If there was any thought that the horse and the ox would continue to be useful in transport, this was demolished by the success of motor transport in the First World War. So soon after that War ended, the world had motor vehicles being mass-produced at affordable prices, an insatiable market for them, a terrible road system whose condition had been further worsened by the War, nations in economic doldrums with the Great Depression looming, and just a few remnants of the earlier user-pays toll system.
Ironically, at this same time great economists and commentators such as Pigou and the Webbs were highlighting the soundness of users paying at least the marginal costs of their activities. Throughout the 20th century this view gradually pervaded all public utilities, so that in most countries today roads are the only public service which is provided free with no price signals to produce rational decisionmaking by users.
Another great economic move of the 20th century was to ensure that resources were properly used by ensuring that they provided an adequate return on investment, and indeed were all tradable commodities. This is now a widespread principle, but once again few roads are seen as economic assets - indeed, most road managers see their roads as liabilities producing ever-increasing costs and liabilities, and no income or enhanced valuations.
Of course, many toll roads have been built around the world but they are a small proportion of the world's major roads. Their development peaked in the mid-20th century and there is often a strong public reaction to them. Many of the current generation have been imbued with the idea that roads, alone amongst public and private utilities, should be free of any usage charge.
Public sector road managers often say that they have no money to maintain a piece of road and that its condition will only worsen with time. But in most jurisdictions, if directors of a public company allowed assets to deteriorate in value, they would face stockholder anger and severe legal penalties.
With some perception, the American cowboy-humourist, Will Rogers, once said: "There's a simple solution to this traffic problem. We'll have business build the roads. And government build the cars." So, after the road mire at the end of the 19th century, we have allowed roads to avoid all the economic and managerial lessons of the 20th century. Almost uniquely, they are consequently under-priced, under-valued, and - as a result - greatly over-used.
And if this were not enough, the users of the roads operate independently of each other and of the road manager. The incredible technical advances of the 20th century are still little to be seen in the 21st century road systems. For example, radar was invented and well used during the Second World War. And yet even today, collision avoidance equipment is a rarity in road vehicles. Despite the simple technology, we have waited over half a century to see non-technical issues such as supplier liability overcome and even then in just a small proportion of the vehicle fleet. It is interesting to compare the rapid development and application of mobile-phone technology with the very slow introduction of similar vehicle-to-everywhere technology into the vehicle fleet.
One basic example of this is in vehicle identification systems. All vehicles have a unique identifier, often called a VIN, which is usually found (with some difficulty) stamped somewhere on the vehicle body. For decades now, it would have been possible to have a vehicle's VIN made thief-proof and readable by roadside device - for instance by embedding microchips in the parts of the vehicle.

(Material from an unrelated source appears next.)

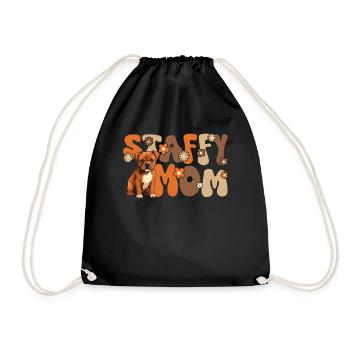 Staffordshire Bull Terrier Groovy Staffy Mom - Drawstring Bag - black - Front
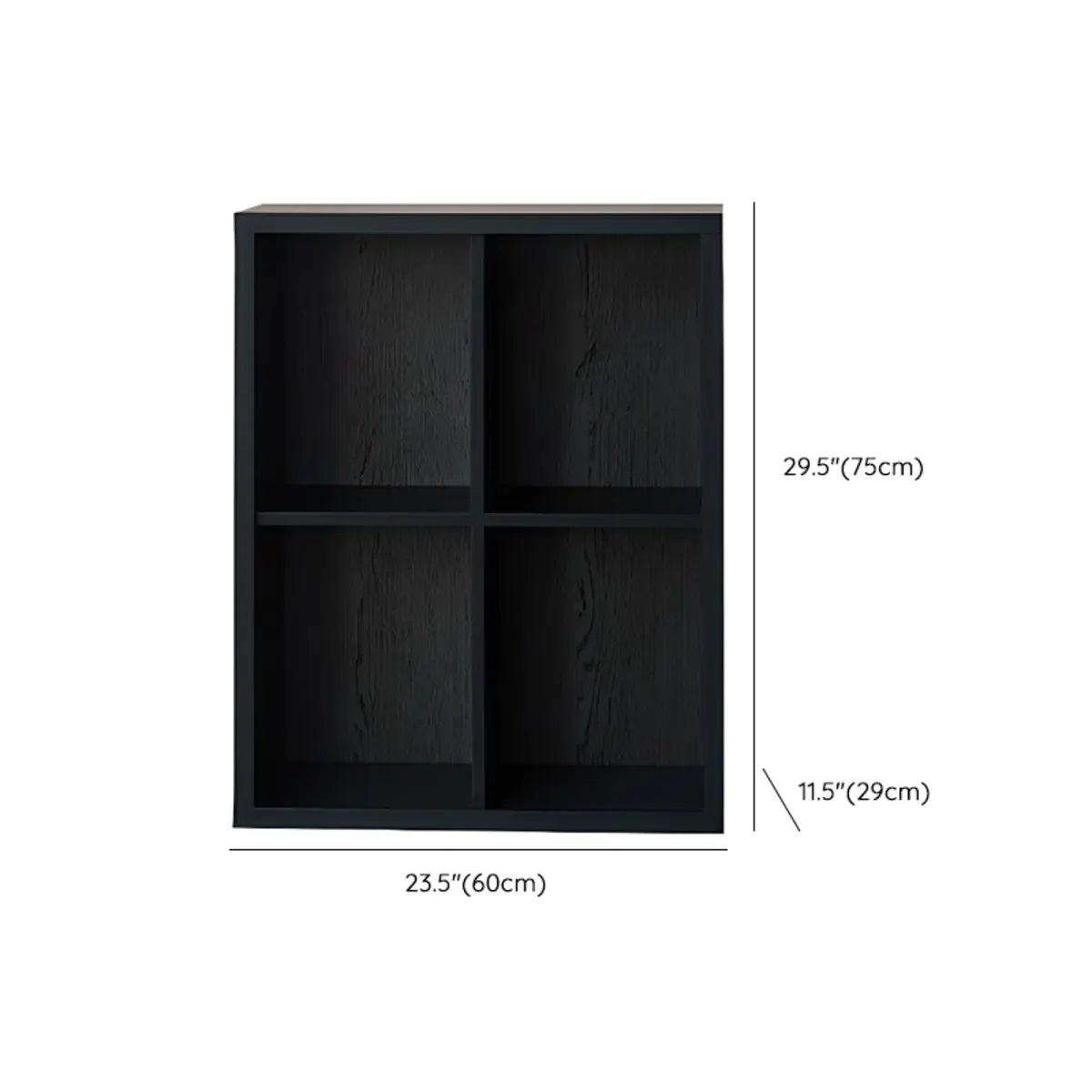 Black Closed Multifunctional Wood Wide Bookcase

Two practical applications of this approach would be to automatically detect vehicles behaving illegally and to charge vehicles for using a piece of road. The second application brings us back to a basic theme of this paper - pricing for road usage. Road pricing on all roads was first advocated by the famous economist Pigou in the early years of the twentieth century. Since then none have questioned its logic, but many have doubted its political acceptability. A number of governments have instructed their staff not to even use the words "road pricing". As yet no government has introduced a system of universal road pricing, although a Dutch proposal withdrawn earlier this year would have done. Of the two best-known current systems, the Singapore scheme only tolls major roads and the London scheme applies within a specific zone.

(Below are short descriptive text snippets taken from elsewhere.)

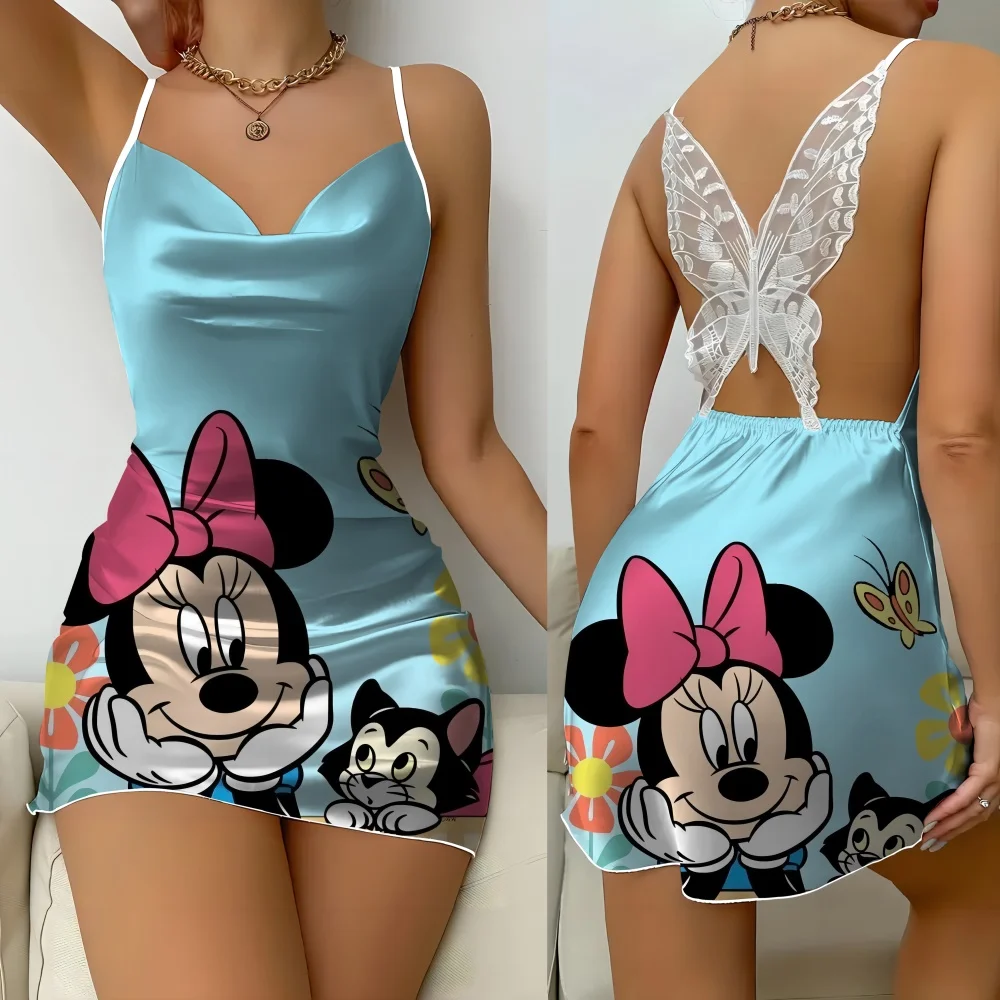 

2024 new fashion sexy charming lady halter pajamas Minnie cartoon pattern back butterfly cutout design style women's pajamas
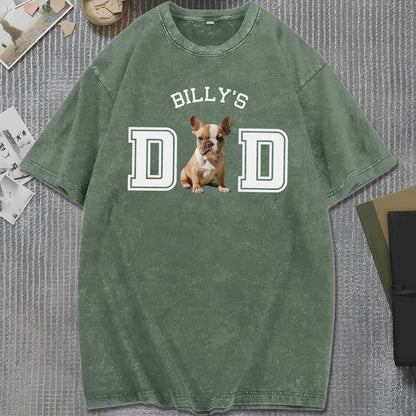 UPST43 Dog Cat Dad Mom Custom Photo - Personalized Custom Washed T-shirt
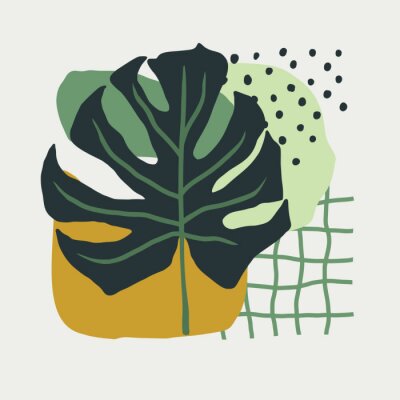 Hand Drawn collage of simple shapes and leaves monstera in Scandinavian style in green colors. vector illustration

There are certainly charges on car usage but these are seen as taxes and are very blunt in their impact. In 1850 the future British Prime Minister William Gladstone attended a lecture on batteries given by the famous scientist Michael Faraday. He asked Faraday what uses his new invention might have. Faraday replied, "Sir, there is every probability that in a few years you will be able to tax it." The taxation idea continued to attract politicians and in 1907 Herbert Asquith perceptively told the British Parliament that a tax on cars would be almost an ideal tax because the car was a luxury which was apt to degenerate into a nuisance.

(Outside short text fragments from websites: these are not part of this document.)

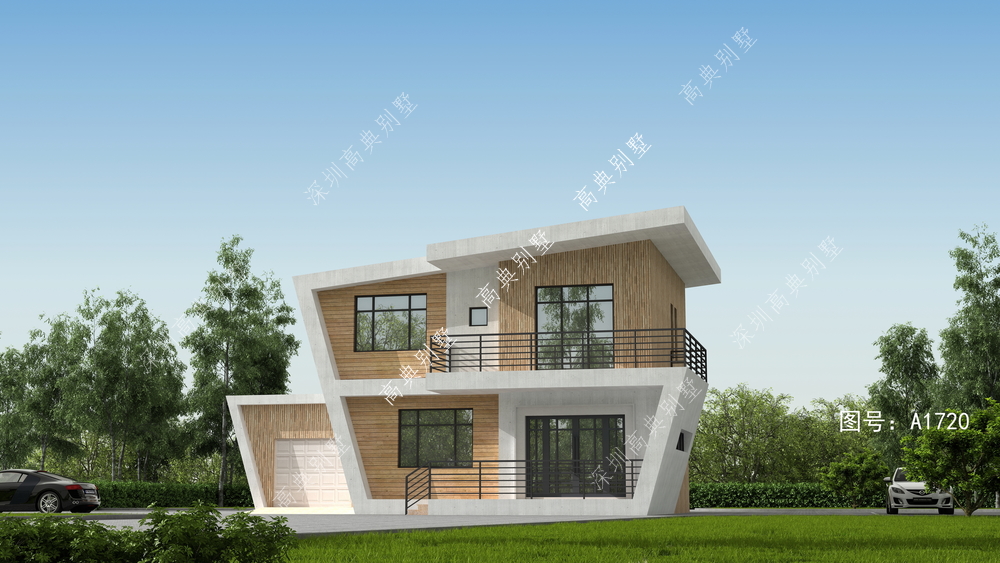 两层现代别墅，从多套图纸精心挑选，设计感十足，关键性价比高！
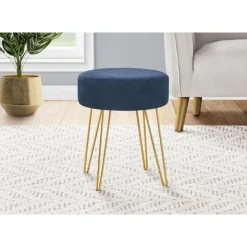 Monarch Footrest with Golden Hairpin-Style Legs - Navy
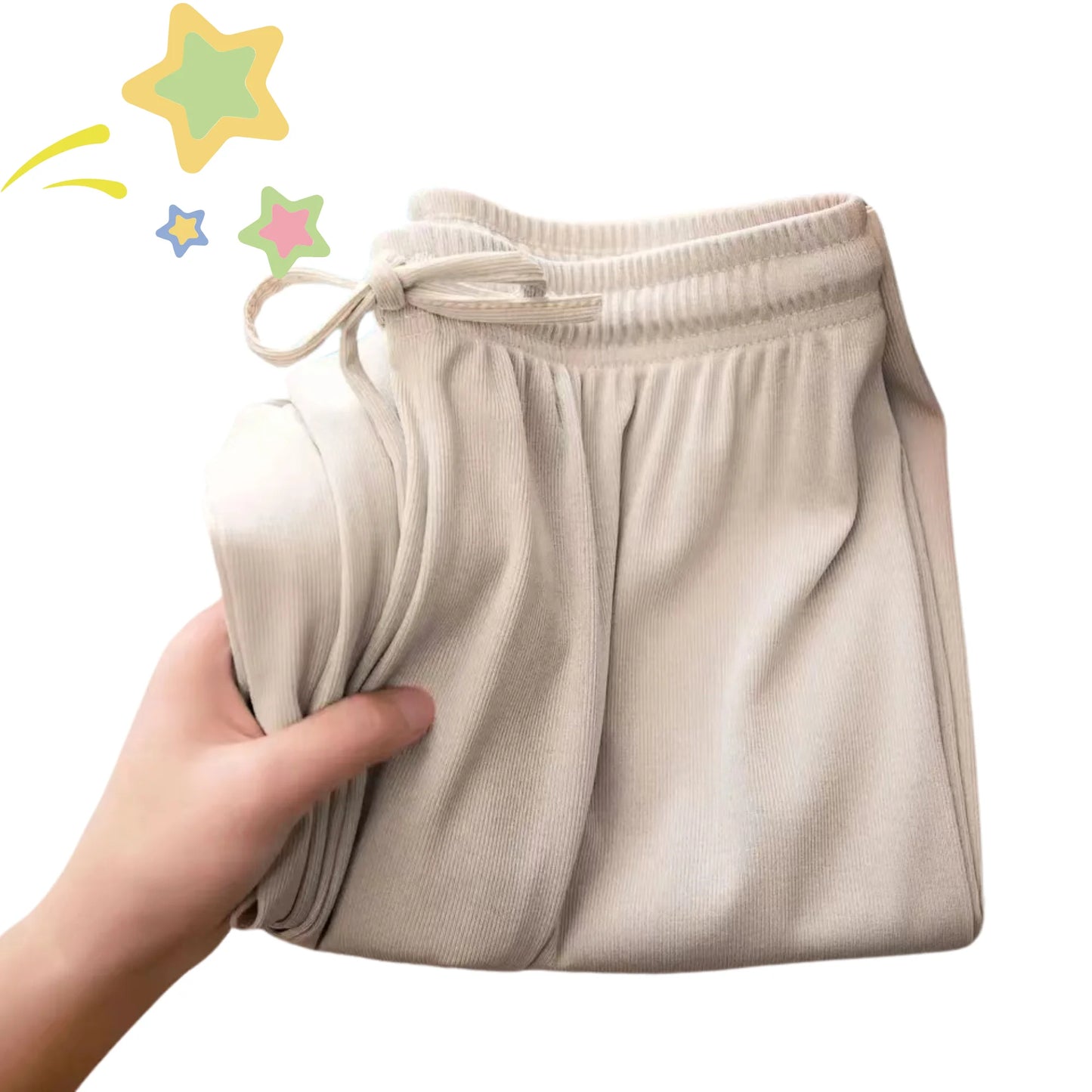 Dámske nohavice jar leto ľadové hodvábne široké nohavice 2024 vysoký pás voľný rovné ležérne nohavice dámske outdoorové čierne nohavice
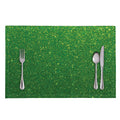 Shamrock Green (NOT Real) Glitter Print Placemat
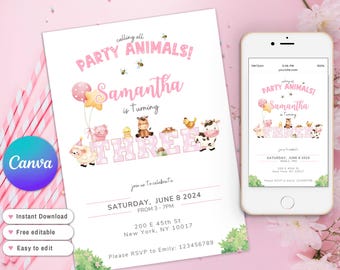 Girl Farm Birthday Invitation, Editable Farm Animals Birthday Invite, girl's third birthday, Floral Barnyard, pink three, Girl 3rd birthday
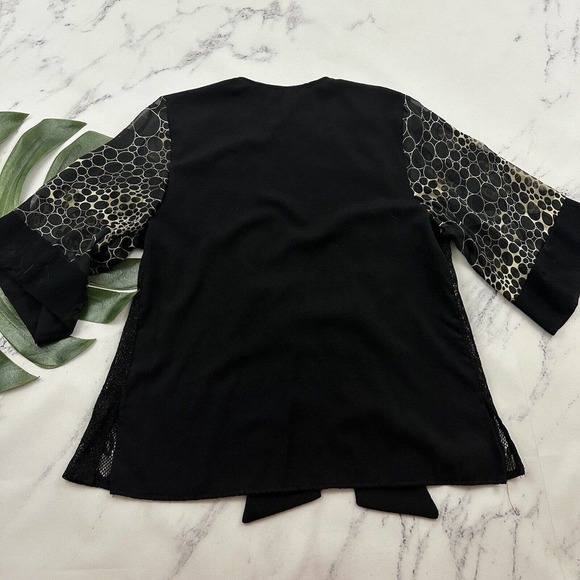 Spencer Alexis Kimono Blouse Top Size M Black Cream Silk Blend Floral Jacquard - Picture 8 of 12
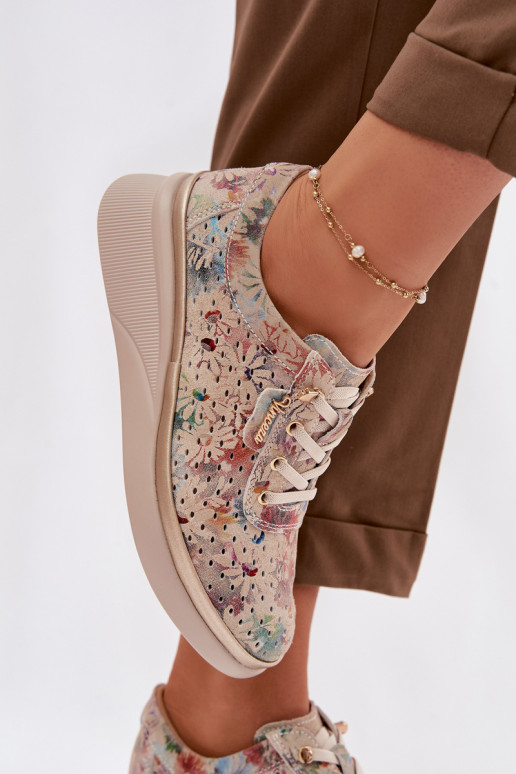 Prelamovaný semiš topánky Dámske Vinceza 79603 béžová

By the 1920s, it was realised that a tax on fuel used would be an "ideal" tax - it would be collected by the private sector and the motorist would blame the fuel seller and not the government. Treasury officials were quick to denounce the idea of "hypothecating" these fuel taxes to the construction and maintenance of roads. This was despite the fact that the theory of marginal pricing - users should at least pay for the damage they cause when they use a product - was well established by the beginning of the 20th century.
There are some wonderful exceptions to this treasury dogma. The best known is the magnificent, heavily-used and very extensive US Interstate freeway system built during the second half of the twentieth century entirely from funds raised from fuel taxes.
Fuel taxes are blunt taxes as they are levied on users quite independently of the cost of building and maintaining that road, of the degree of congestion, and of the costs that the use imposes on others. As the recent Dutch trials showed, road pricing using readable vehicle VINS and GPS to locate the road being used can avoid all these problems. The prices imposed would then constructively influence the behaviour of both road users and road managers. The other problem with fuel taxes is that the move towards diverse power sources and fuels, as highlighted by the increasing use of electric cars, will see the traditional fuel tax base eroded. Governments may find themselves forced into rational pricing.
The road has been with us for at least three millennia, however for the last two centuries road managers and road users have not kept in step with major changes flowing from the industrial revolution. As a consequence the world has a road system that is shakily funded, poorly priced, inefficiently used and far less safe and effective than it could be. The tools are now all available for us to correct these deficiencies and achieve far better outcomes, but their application will require strong leadership - politically, technically and commercially.
Author
*Dr Max Lay was a
founding Director of ConnectEast, a toll road company, and is now
Chairman of its Health, Safety and Environment Committee.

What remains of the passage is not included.